Volgens Alkema heeft Boot gelijk: FSC is niet dé oplossing. “Maar wel een heel belangrijk instrument. FSC is begonnen in Europa en Noord-Amerika, maar de vraag naar verantwoord hout neemt nu ook toe in China, Brazilië en Vietnam. Dat is een belangwekkende ontwikkeling. En mijn hoop is dat er op den duur ook binnenlandse markten ontstaan voor FSC-hout in de oorspronglanden.”
Geen Ronde Tafel
Wat vindt Hans Berkhuizen, directeur Milieudefensie en bestuurslid FSC Nederland van de kritiek? “Begrijpelijk. Milieudefensie deelt die kritiek ook. En vanuit FSC Nederland vinden we het belangrijk er serieus mee om te gaan.” Maar niet iedereen vindt dus dat dat adequaat gebeurt. “Dat is ook de zorg van FSC Nederland. Het internationale deel is behoorlijk bureaucratisch en het is niet geheel duidelijk welke invloed de landenbureaus en NGO’s hebben. We doen ons best om dat van binnenuit te verbeteren.” Wanneer is het tijd om afstand te nemen? “Als we het gevoel zouden krijgen dat we geen invloed hebben en de verbeteringen er niet doorheen komen. Dat is nu niet zo.”

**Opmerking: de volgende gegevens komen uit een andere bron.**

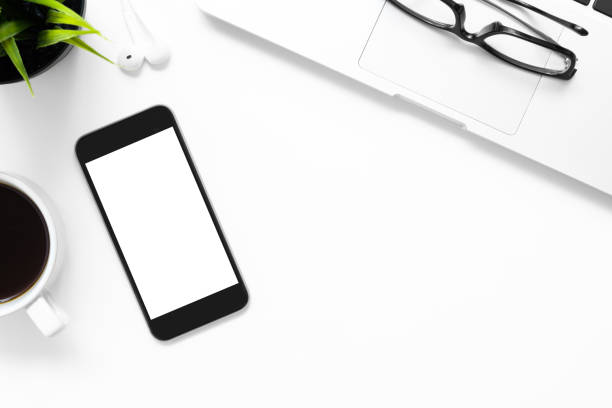 istock White office desk table with smartphone with blank screen and other office supplies. Top view with copy space, flat lay. 1152205252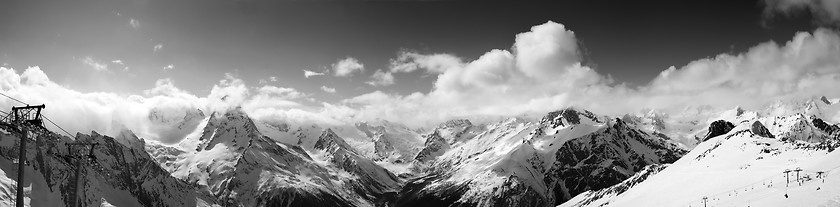 Image showing Black and white panoramic view on ski slope and cloudy mountains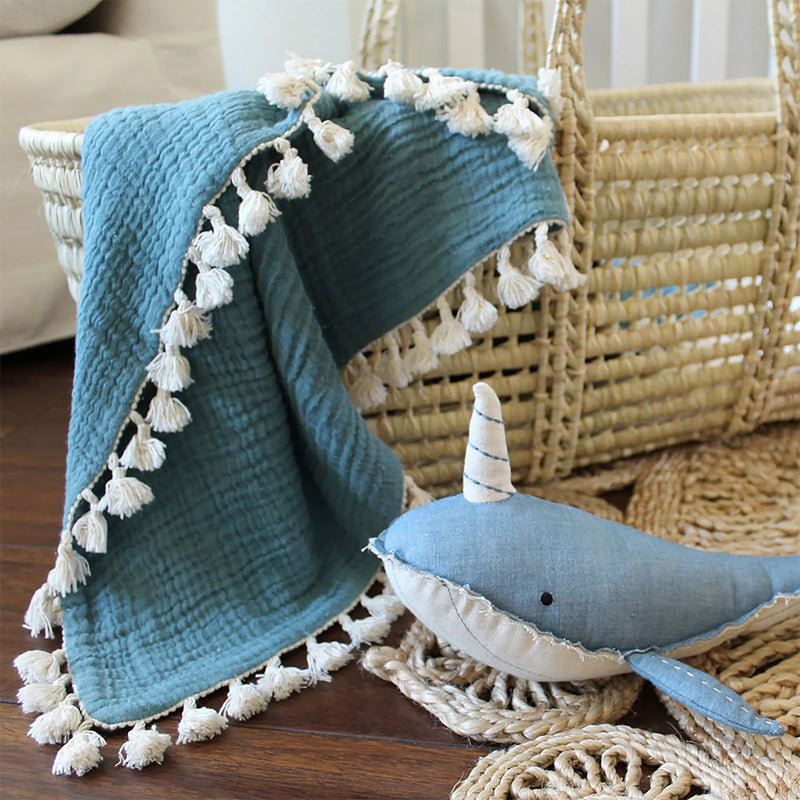 Wrap your little one in the Crane Baby 6 Layer Muslin Blanket Riverstone, a versatile baby blanket for home or travel.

Wat dat betreft, legt Berkhuizen uit, is er een groot verschil tussen FSC en een aantal andere certificeringsoverleggen waar Milieudefensie juist niet over te spreken is, zoals de Ronde Tafels voor duurzame palmolie en soja. “Die zijn het initiatief van het bedrijfsleven en worden ook gedomineerd door het bedrijfsleven. De invloed van NGO’s en sociale organisaties is er veel te beperkt. FSC is geen initiatief van de houtindustrie, en die heeft daarom ook zeker niet het zwaarste belang. NGO’s hebben evenveel invloed.” In een ideale wereld zou er volledig onafhankelijk en objectief gecertificeerd worden, maar dat is nu nog niet volledig mogelijk, erkent Berkhuizen. “Omdat het een wereldwijd keurmerk is en ook in minder stabiele landen gebruikt wordt, werkt het op sommige plekken niet goed. Zo zijn er problemen met het FSC Controlled Wood-certificaat in West-Australië en Tasmanië en zijn er grote zorgen over het beheer in de Democratische Republiek Congo. Maar op andere plekken werkt FSC juist prima en is het een goede motor voor duurzaam bosbeheer.” Het is een werkbare second best, zegt Berkhuizen, en de beste standaard die er beschikbaar is. En: “Er is geen alternatief.”